McKay’s rival William Henry Webb was the subject of an in-depth commemorative 1987 biography by Edwin L. Dunbaugh and William duBarry Thomas, published by the Webb Institute. John Willis Griffiths, the builder of the early clippers Rainbow and Sea Witch, was not as fortunate. His life, too, remains shrouded in myth, and his own inflated accounts are not to be trusted. The most reliable character study comes from Dr. Larrie Ferreiro’s biography published in the Nautical Research Journal.
Captain Nathaniel Palmer, designer of Houqua and other clippers for the Low family firm, is lovingly portrayed in Charles Low’s Recollections, as well as in a few early-twentieth-century biographical sketches. The Palmer-Loper papers in the Library of Congress, however, do not reveal much in the way of personal thoughts.
The merchants who form the core of this story have left fascinating but widely scattered records. The Forbes brothers—John Murray and Robert Bennet—were prolific letter writers and diarists during their trading years in China and as shipowners and entrepreneurs in Boston. Their papers can be found in the Massachusetts Historical Society and in published memoirs. Robert Forbes, like his friend Charles Low, was a great yarn spinner and shameless self-promoter, yet he was a keen, colorful observer of the events of his time. John Murray Forbes, the soberer and steadier of the two brothers, was the bridge between the Chinese merchant elite and the Boston “Brahmin” aristocracy, both in matters of business and culture.
Warren Delano, progenitor of the presidential branch of his Yankee clan and a man whose life was full of adventure, was an inveterate letter writer, but many of his records were destroyed when the family mansion burned in 1916. My reconstruction of his life and personality comes from surviving correspondence at the Franklin D. Roosevelt Library & Museum at Hyde Park, New York, as well as from memoirs by his children and Geoffrey Ward’s meticulously researched Before the Trumpet: The Young Franklin Roosevelt. Descendants Catherine (Nina) and Lyman Delano have been extremely helpful with family knowledge and lore, as has Sara Delano Perkins for allowing me use of some of her never-before-published collection of family photographs, and Frederic Delano Grant Jr. for solving the mystery of the portrait of Houqua that once hung at Algonac. It has been a real pleasure to get to know the Delanos over the past few years, and I deeply appreciate their enthusiasm and support.
William Henry Aspinwall was the most elusive personality of the shipowners, and I relied on the biography The Aspinwall Empire written by his descendant Colonel Duncan Somerville to shine some light on the man, his ships, and his character sketches of contemporaries.
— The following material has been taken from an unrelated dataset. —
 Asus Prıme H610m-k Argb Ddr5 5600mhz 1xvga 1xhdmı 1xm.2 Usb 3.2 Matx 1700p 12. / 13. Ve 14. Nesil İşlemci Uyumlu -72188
I faced a similar challenge with Moses Grinnell, part owner of the legendary Flying Cloud, whose stature loomed large in the New York merchant community but whose inner thoughts are lost to time. Finally, aside from one long letter written by Sarah Bowman on the Flying Cloud’s maiden voyage, as well as that vessel’s log, there do not appear to be any deeply revelatory primary sources on Captain Josiah Perkins Creesy and his remarkable wife, Eleanor; I have had to base much of my knowledge of them on the detective work of the late A. B. C. Whipple.
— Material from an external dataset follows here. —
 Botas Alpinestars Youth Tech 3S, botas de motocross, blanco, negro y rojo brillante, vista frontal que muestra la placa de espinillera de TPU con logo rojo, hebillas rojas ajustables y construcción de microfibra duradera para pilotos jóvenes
James Grinnell of the New Bedford Whaling Museum has been extremely generous with his treasure trove of research documents and material. Thanks to his help, I have a much better grasp of the entire remarkable clan of Yankee capitalists and inventors. Many other wonderful institutions have shared their rich collections of primary and secondary sources, allowing me to stitch together the disparate strands of the story. These include the Mystic Seaport Museum and Library, Peabody Essex Museum, the NewYork Historical Society, the Baker Library at the Harvard Business School, the New Bedford Whaling Museum, and the San Francisco Maritime Museum. Thanks also to Mary and Ian Lewis for being such generous hosts during my research stay in the Mystic area.
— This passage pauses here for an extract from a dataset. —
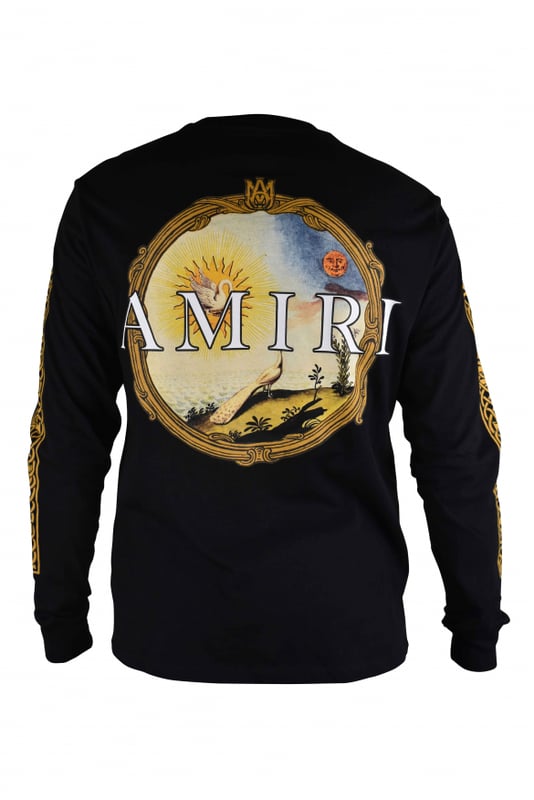 Camiseta Alchemy Frame Amiri en algodón negro.Estampado gráfico y logotipo blanco impresos en el pecho.Estampado gráfico dorado a lo largo de las mangas.Estampado gráfico y logotipo blanco en la espalda.Manga larga.Cuello redondo.Made in Italy.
For me, the greatest living link between the clipper ship era and the present day is Llewellyn Howland III, a fellow Harvard alumnus and a book editor of the old school. Introduced to me by mutual friend Ed Kane, Louie is related to many of the old Yankee clipper ship families, including the Forbeses, and has a wealth of knowledge about the men who built, sailed, and owned the great and wondrous ships. It was he who urged me to write a book about New England family capitalism on the high seas and then devoted many precious hours of his time to help me do just that. I especially enjoyed his sailing stories. He’s the real reason why it’s wise to go sailing with someone who knows what he’s doing. Thank you, Louie, for your encouragement, advice, and salty Yankee humor during our times in Gloucester.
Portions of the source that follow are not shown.